Ellen would stand a short distance away from me, and making sweeping motions with enormous shears, she would cut wildly into satin and tulle and velvet. I felt like a trembling lay figure as I stood there with her fierce green eyes on me and the shears clicking around me. When the cutting was over, the pinning began. This was even more uncomfortable. Pins pricked the lay figure's skin. It turned out that she was human after all. Ellen objected to any wincing.
"Save your dancing for the ballroom floor!", she would say crossly.
At last she would be pleased. The smile of a satisfied creator would run over her freckled face as she stood off and surveyed her handiwork.
"We'll get him with this one, Miss Lula," she would announce confidently.

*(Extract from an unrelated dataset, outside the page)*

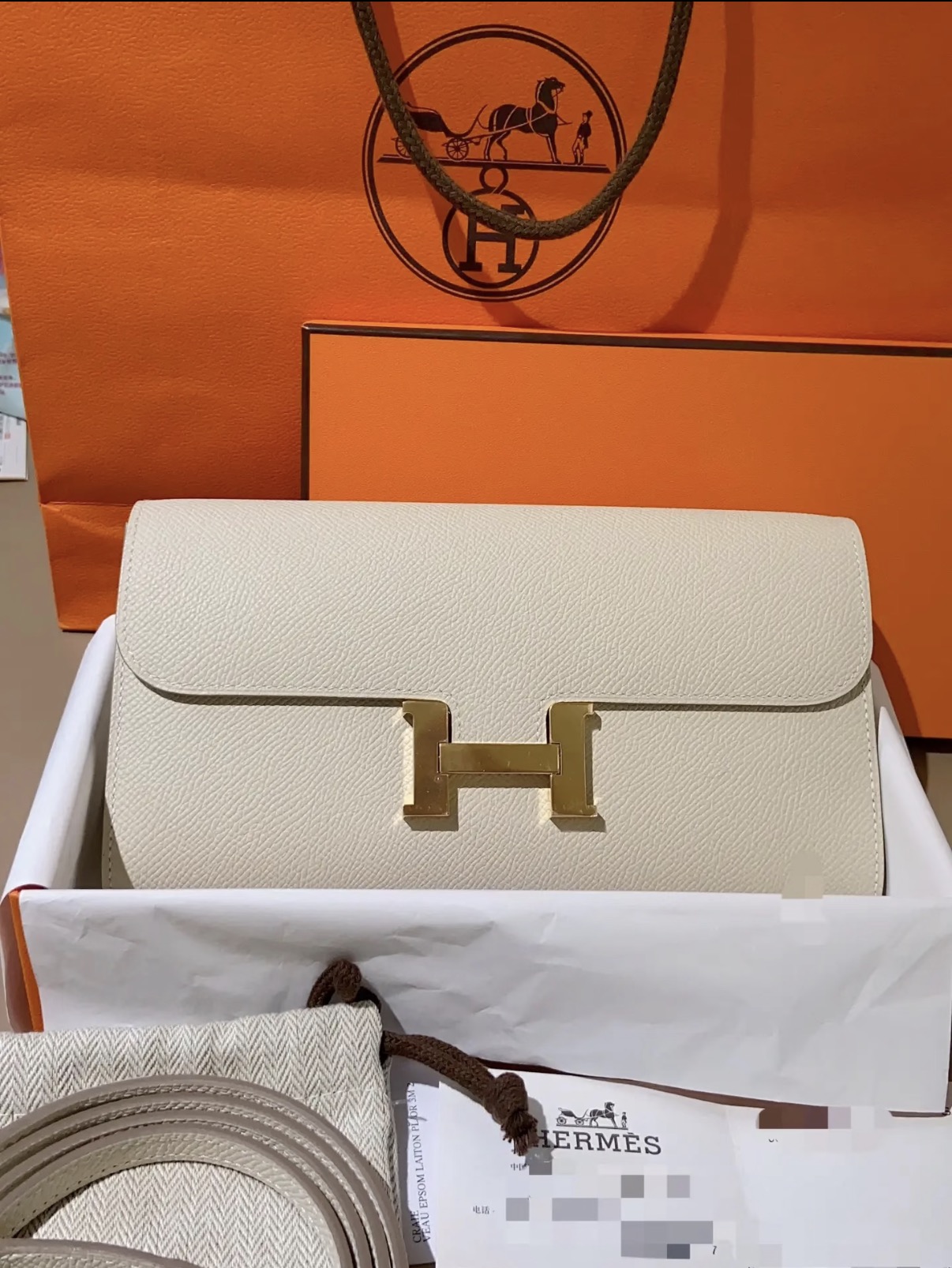 Conestance to go Milkshake White Custom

Louise Andrews Kent, Mrs. Appleyard and I, 1968
Have you and Mrs. Appleyard been introduced before? No? Then let me do the honors.

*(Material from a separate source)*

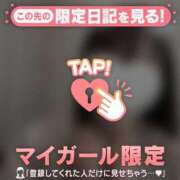 ヒメ日記 2026/01/27 17:46 投稿 ナツメ エピソード(品川)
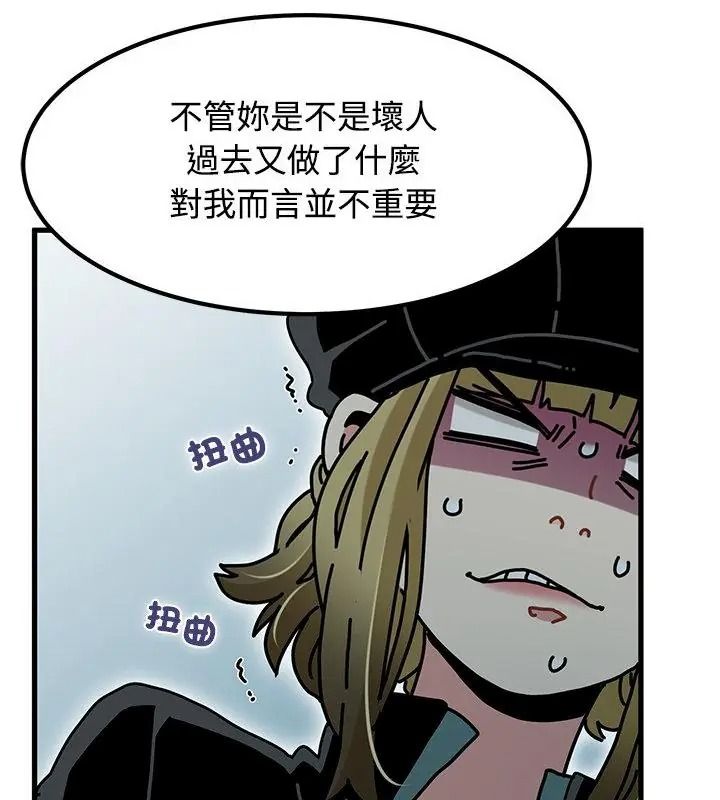 《发小碰不得》第138話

She and Louise Andrews Kent, her real life counterpart, lived in Vermont and Boston from about 1912-1968. Mrs. Kent was a prolific writer, and if you come across her Mrs. Appleyard books, grab them. There is no better way to learn how people lived in earlier times (this would be the United States before, during and after both World Wars) than reading her books.
This excerpt is from her autobiography, which contains interesting stories, including one about seeing the Great White Fleet in Bar Harbor before the Spanish American War, and details of daily life as it was lived back then.
People, of course, are the same as they have always been, but also, boy were they different as well.
I have found my Fabric and Sewing In Literature Project lots of fun. I have been re-reading my favorite books (I am a Multiple Reader, as confessed previously) and finding lots of great examples.
What favorite examples of sewing and fabric in literature have you seen lately?